泉鏡花の短編小説。初出は「人間」[1920(大正9)年]。宗吉は、芸者お千の学資を受け医者として大成するのだが。鏡花が紅葉門下になるまでの放浪生活をモチーフにした「風流後妻打」「手習」の類型と言える。なかでも本作は、著者自身の不安感と好みの女性像がより投影されている。

溝口健二『折鶴お千』(1935)の原作ということで。どうしたら「鴨南蛮お千」が「折鶴お千」になるのか?泉鏡花の幻想譚なんだが、妖怪や幽霊のたぐいではなく精神的な内面世界を描いたものである。手籠にされる娼婦(妾)の話なんだが医学生の奉公人が自殺するのを助ける。そのときに娼婦が観音様のような仏になるという話。すごく話が分かりにくいのは美文調の文語体で書かれている。本筋と関係ない装飾的な言葉が多すぎるのは、現代小説になれてしまった者には辛いものがある。

はじめ、目に着いたのは――ちと申兼ねるが、――とにかく、緋縮緬(ひぢりめん)であった。その燃立つようなのに、朱で処々ぼかしの入った長襦袢で。女は裙(すそ)を端折(はしょって)いたのではない。褄(つま)を高々と掲げて、膝で挟んだあたりから、紅がしっとり垂れて、白い足くびを絡まとったが、どうやら濡しょびれた不気味さに、そうして引上げたものらしい。素足に染まって、その紅(あかい)のが映りそうなのに、藤色の緒の重い厚ぼったい駒下駄こまげた、泥まみれなのを、弱々と内輪に揃えて、股を一つ捩った姿で、降ふりしきる雨の待合所の片隅に、腰を掛けていたのである。
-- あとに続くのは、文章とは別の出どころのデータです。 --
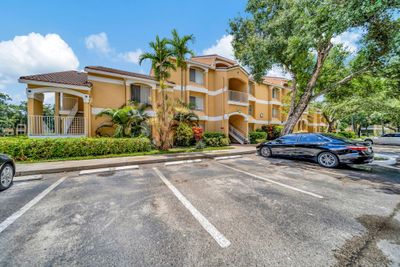 2109 - 2607 Nw 33rd, Condo with 1 bedrooms, 1 bathrooms and null parking in Oakland Park FL | Image 1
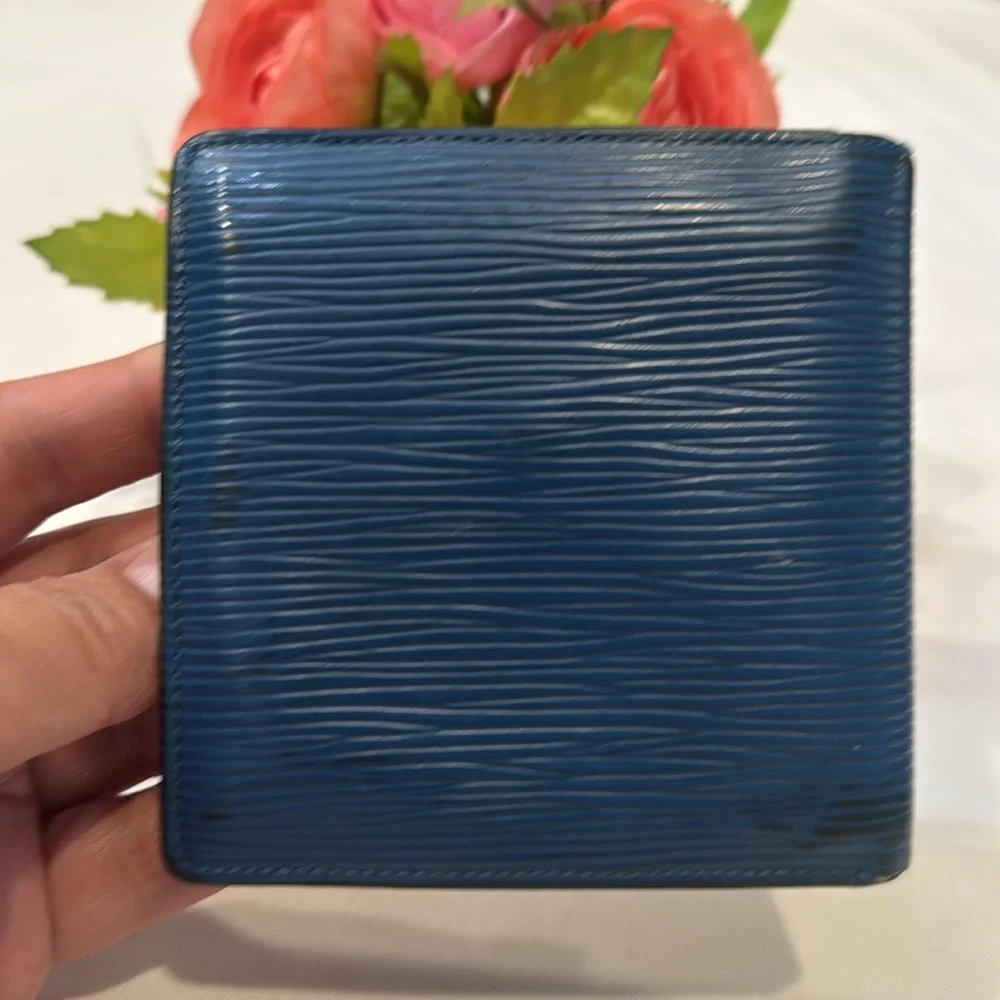 Authentic Louis Vuitton Blue Epi Wallet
女は赤い着物を着て、泥だけの下駄だが長襦袢の朱色から出ているおみ足が色ぽかった。と語り手が語るのもこんな具合だ。描写はそんな感じの文章で分かりにくい。会話はなんとなくわかると思う。まあ、私は映画を先に見ていたので、物語を知っていた。ただ映画では医学生から医者になるまでを物語るが、ここは折鶴のシーンで終わっている。そこが見事なんだな。

お千は妾として金持ちの家に住んでいるのだが、その奉公人が語り手のわけだった。それで欲望坊主のような主とその手下のものにお千が手籠されるシーンは、まるで漫画みたいな擬音で表現しているのだ。その落差が面白かった。講談調ということなのかな。

 
「うふ、うふ、うふ。」と平四郎の忍び笑が、歯茎を洩れて声に出る。
「うふふ、うふふ、うふふふふふ。」
「何じゃい。」と片手に猪口(ちょく)を取りながら、黒天鵝絨(くろびろうど)の蒲団の上に、萩、菖蒲(あやめ)、桜、牡丹の合戦を、どろんとした目で見据えていた、大島揃(おおしまぞろい)、大胡坐(おおあぐら)の熊沢が、ぎょろりと平四郎を見向いて言うと、笑いの虫は蕃椒(とうがらし)を食ったように、赤くなるまで赫かっと競勢きおって、
「うはははは、うふふ、うふふ。うふふ。えッ、いや、あ、あ、チ、あははははは、はッはッはッはッ、テ、ウ、えッ、えッ、えッ、えへへ、うふふ、あはあはあは、あは、あはははははは、あはははは。」

浅葱色というお千の表情が鴨がネギを背負ってみたいなことなのか?「鴨南蛮」として食べられちゃうわけです。

そんなお千だけど、語り手の宗吉に対しては姉のように守ってくれるのです。イジメを受けている新入社員にちょっと先輩のOLのお姉さんが普段はセクハラとか受けているのに、この時は身体を張って助けてくれるのです。

そして、それが警察沙汰の事件になって、そのときに折鶴をふっと吹いて宗吉に渡す。その表情が観音様だったという話です。欲望の色街の中で、お千のプラトニックな愛が渡されて医者になったという話です。